Most estate plans were written before your digital life was worth anything. Cryptocurrency wallets, online accounts, domain names, digital businesses, these can be permanently lost if your executor has no access and no instructions. Your estate plan needs to account for everything you own, including what lives in the cloud.
Massachusetts has adopted the Massachusetts Uniform Fiduciary Access to Digital Assets Act (MUFADAA), which gives fiduciaries, executors, trustees, and agents under power of attorney, a framework for accessing digital assets. But the law only helps if your estate plan is drafted to work within it.
What Counts as a Digital Asset
Bitcoin, Ethereum, and other cryptocurrencies held in self-custody wallets can be permanently lost if private keys are not documented and accessible to your executor or trustee.
Accounts at Fidelity, Schwab, Vanguard, and similar platforms hold real financial value and transfer through beneficiary designations or probate like traditional accounts. A fiduciary administers these accounts by presenting letters of authority to the institution directly, not by logging into the decedent's account profile, which would violate the platform's terms of service. The key planning step is ensuring your executor knows the accounts exist and where they are held.

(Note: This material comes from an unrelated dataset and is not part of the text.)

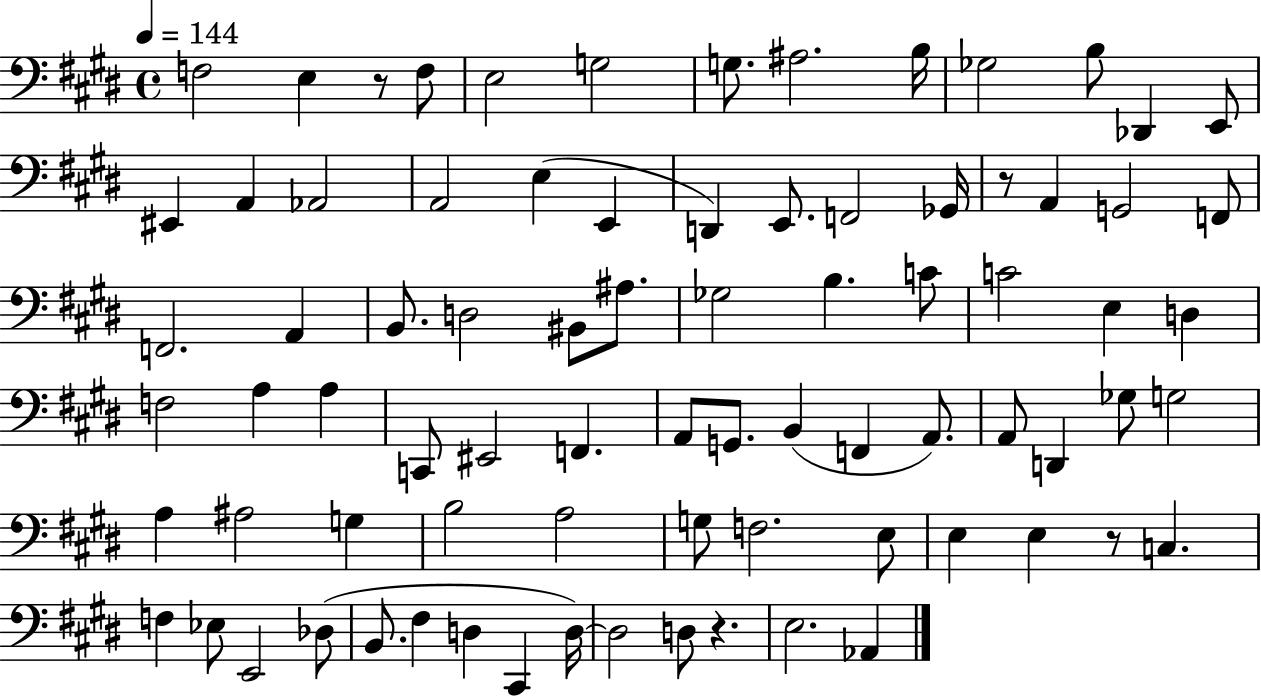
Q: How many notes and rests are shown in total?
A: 80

Domain names can have significant market value and require timely renewal. An online business generating revenue is a marital or estate asset requiring administration and possible sale or transfer.
iCloud, Google Photos, and Dropbox accounts may hold irreplaceable personal archives. Without access, these are often permanently lost. Terms of service vary widely on transferability.
Email accounts may contain financial records, business correspondence, and account recovery information your executor needs to administer the estate. Access depends on platform policies and your advance authorization.
Facebook, Instagram, and LinkedIn allow memorialization or deletion, but only if your executor knows about the accounts and has authorization. Some platforms offer legacy contact designations.
The Private Key Problem
Self-custody cryptocurrency, held in a personal hardware wallet or software wallet rather than an exchange, is controlled entirely by the private key or seed phrase. If the person who holds that key dies and no one else knows it, the funds are permanently inaccessible. There is no bank to contact, no court order that can unlock it, and no recovery process. This has resulted in an estimated hundreds of billions of dollars in cryptocurrency being permanently lost worldwide.
For cryptocurrency holders, the estate planning task is twofold: documenting the existence of all wallets and accounts, and making private key or seed phrase information accessible to a trusted person (or secured in a way your executor can access) without also making it accessible to anyone who shouldn't have it. This typically involves a secure storage solution, a fireproof safe, a safety deposit box, or a specialized custody arrangement, with clear instructions in your estate plan about how to access it.
Never put private keys or seed phrases in your will. Wills are probated publicly in Massachusetts. A will that contains your cryptocurrency private key is a public document that any thief can use to empty your wallets before your estate is even administered. Store sensitive access information separately and reference the secure location in your estate plan.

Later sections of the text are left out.